The show, which featured the work of 11 of the 23 painting and printmaking majors in the school’s 2013 graduating class, is the first of a series of thesis shows to go on view this semester. Students had been making the work for the show — ranging from 10-foot paintings of Benjamin Franklin to miniature pamphlets that visitors could take home with them — since mid-December. While the style and subject of the works varied from artist to artist, many were playful and reflected the artists’ personal stories.

“A lot of us have a constant dialogue with each other,” Kathyrn Gegenheimer ART ’13 said.

Sadie Wechsler ART ’13 said the exhibit seemed more playful than last year’s thesis show, noting the use of color and humor in several pieces. Meena Hasan ART ’13 said many members of her exhibit group created more image-based pieces than abstract or installation-based works — a trend she thinks is unique to her art school class. Hasan’s own work deals with skin and how people relate to surfaces. Her images project an endless state of potentiality — they all depict actions about to take place, from opening to separating to awakening.

She added that many pieces also deal with autobiographical narrative. Tammy Nguyen’s ART ’13 work addresses the problems many people have with relating to their ancestry. She said she thought about how people deal with stories passed down by family members through fantasy and imagination, and used those approaches in her work.

“Everyone in the school gets close to what’s internally urgent,” Nguyen said.

Thesis shows like these present the graduating class with their main chance to formally present the year’s work to the public, Mark Gibson ART ’13 explained. The shows also offer students the opportunity to see what their classmates have been working on and to exhibit with their entire class, he added.

Samuel Messer, associate dean of the School of Art, said thesis shows provide students with a chance to reflect.
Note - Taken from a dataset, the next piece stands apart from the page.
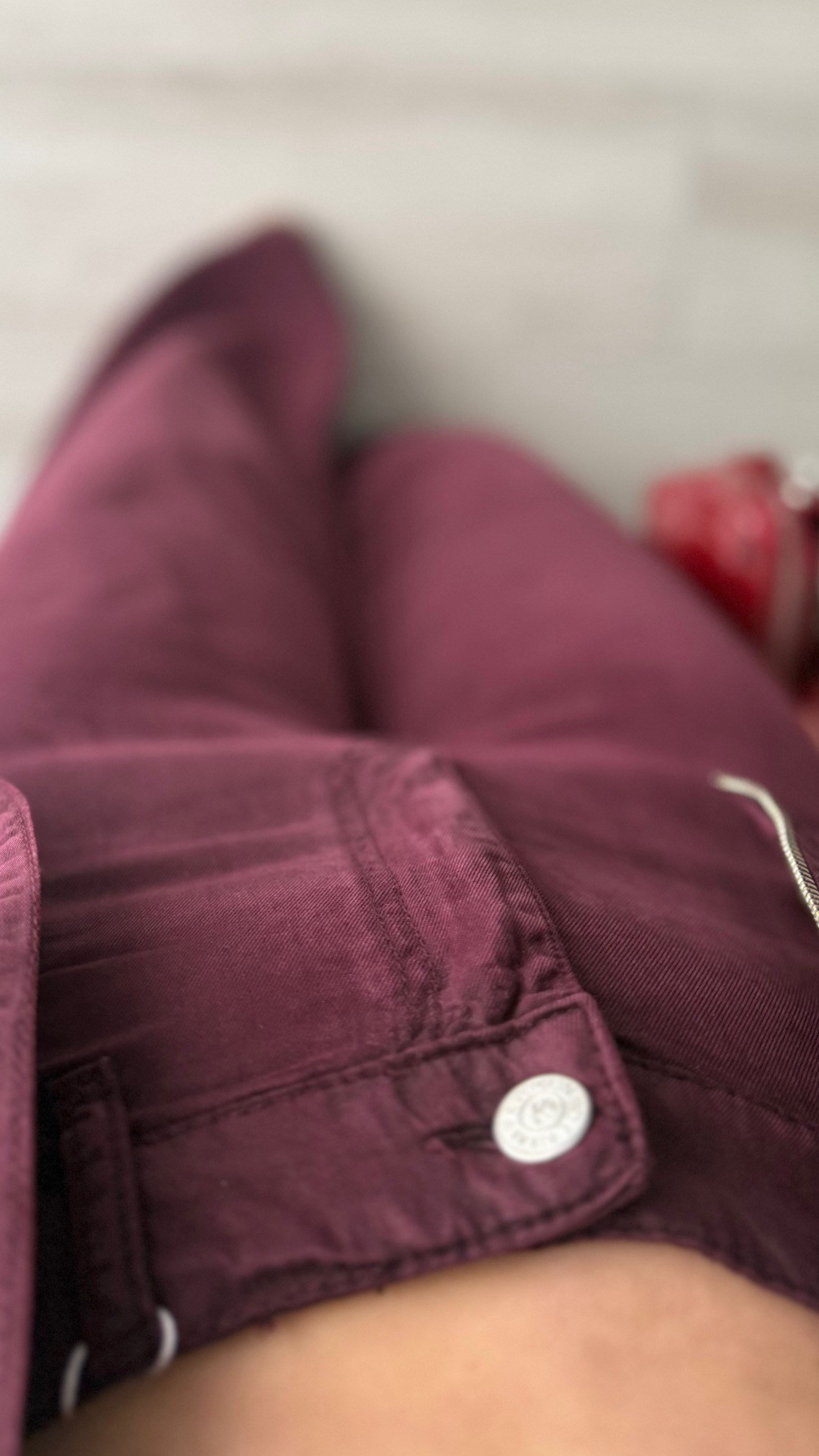 Mürdüm Tencel Bomber Ceket-Pantolon Takım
By scheduling the shows months before the end of the year, students get a chance to see the show “not as an ending but as a beginning,” he added.

“The whole point of being in school, with thesis shows or with anything else, is about clarifying your project, clarifying your work habit, clarifying what you’ve been doing,” Gibson said.

Part Two of the Thesis show, which features the work of the 12 other painting and printmaking majors, will run from Feb. 23 to 28.